Let's get started ...
This package can be found on packagist and is best loaded using composer. We support php 5.0, 7.0. The recommended way to install Php-Html-Parser is through Composer.
composer.phar
"require": {
"seosazi/php-html-parser": "^1.0"
}
or
composer require seosazi/php-html-parser
Using this class is simple and it is enough to put your page address to get different information of it. The following example is a very simplistic usage of the package.
// Assuming you installed from Composer:
use PHPHtmlParser\Crawl\WebPageProcessor;
require_once '/vendor/autoload.php';
$data = WebPageProcessor::onePageProcessed('https://www.your-website.com');
var_dump($data->getH1Tag());//get array of H1 tag
var_dump($data->getExternalLinks());//get array of all external link (Url class)

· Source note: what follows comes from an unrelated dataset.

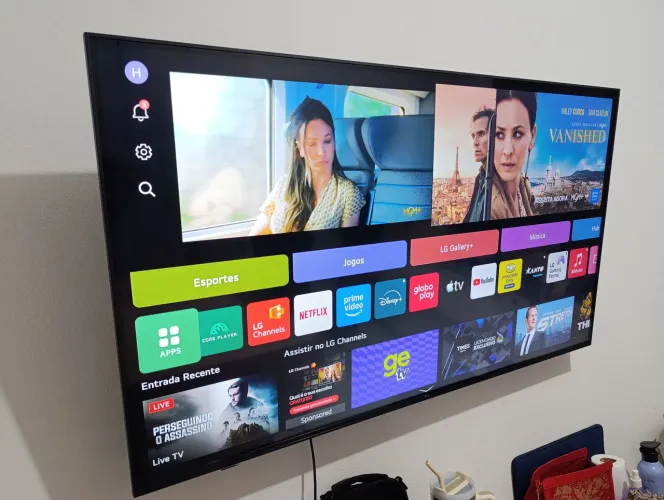 Tv LG 2025 55 4K HDR + Controle Smart Magic em 12x s/juros + suporte tri articulado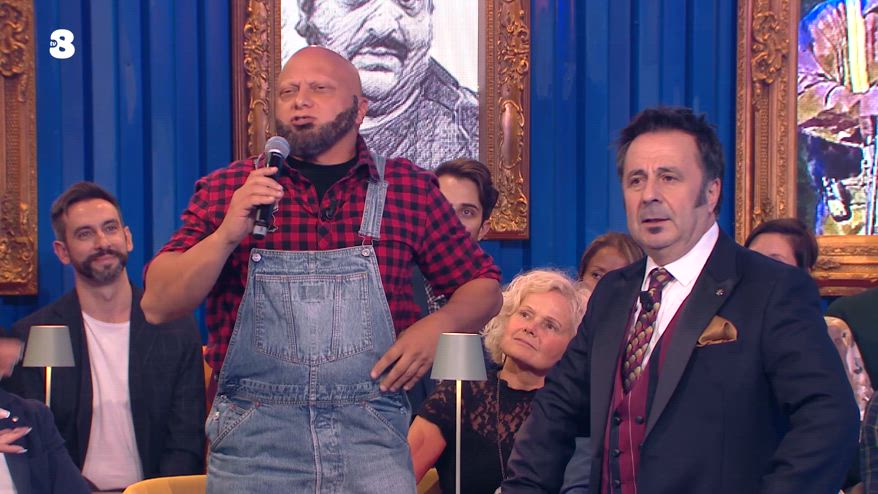 GialappaShow - Dove sono le Istituzioni? | TV8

var_dump($data->getImageAlt());//get array of all image address and alt tag of them
var_dump($data->getHeader());//get array of header parameters
Parameter | Description |
---|---|
getUrlInfo | Get information about your Url, for example home address, last url after possible redirects and first url |
getHtml | Get page html |
getUrl | Get the url that you entered |
getStatus | Get the status code of your address, if the code is more than 600 it means that this address is inaccessible |
getHeader | Get an array of all header parameters, including Connection, Cache-Control, Set-Cookie, Vary, Content-Type, Transfer-Encoding, Date, Server, Alt-Svc, x-encoded-content-encoding, Keep-Alive, P3P, and so on. |
getUrlBeforeRedirect | Get the url before redirecting |
getRedirect | Get an array of all possible redirects, including header parameter, status code, url |
getBaseTag | Get base tag |
getHeaderContentType | Get url content type |
getBodyText | Get text in body tag |
getTitle | Get page title |
getKeywords | Get the meta keywords tag |
getDescription | Get the meta description tag |
getCanonical | Get a canonical tag |
getPTag | Get an array of all p tag |
getSpanTag | Get an array of all span tag |
getH1Tag | Get an array of all H1 tag |
getH2Tag | Get an array of all H2 tag |
getH3Tag | Get an array of all H3 tag |
getH4Tag | Get an array of all H4 tag |
getH5Tag | Get an array of all H5 tag |
getH6Tag | Get an array of all H6 tag |
getLiElement | Get an array of all Li element |
getImageAlt | Get an array of all image address with alt tag |
getAnchorTag | Get an array of all anchor text |
getLinks | Get an array of all links. for better use of link, the Url class was created for easy use with the url. more information |
getInternalLinks | Get an array of all internal links. for better use of link, the Url class was created for easy use with the url. more information |
getExternalLinks | Get an array of all external links. for better use of link, the Url class was created for easy use with the url. more information |
getEntireData | Get an array of all data |
We created the Url class to increase the quality and speed of using URLs. You can use this very simple.
$data->getUrlInfo()->getUrl();
// if anchor text exists
$data->getUrlInfo()->getAnchorText();
$data->getUrlInfo()->getFabricUrl();
$data->getUrlInfo()->getHomeAddress();
// if parent exists
$data->getUrlInfo()->getParent();
//get all information in array
$data->getUrlInfo()->getUrlInfoArray();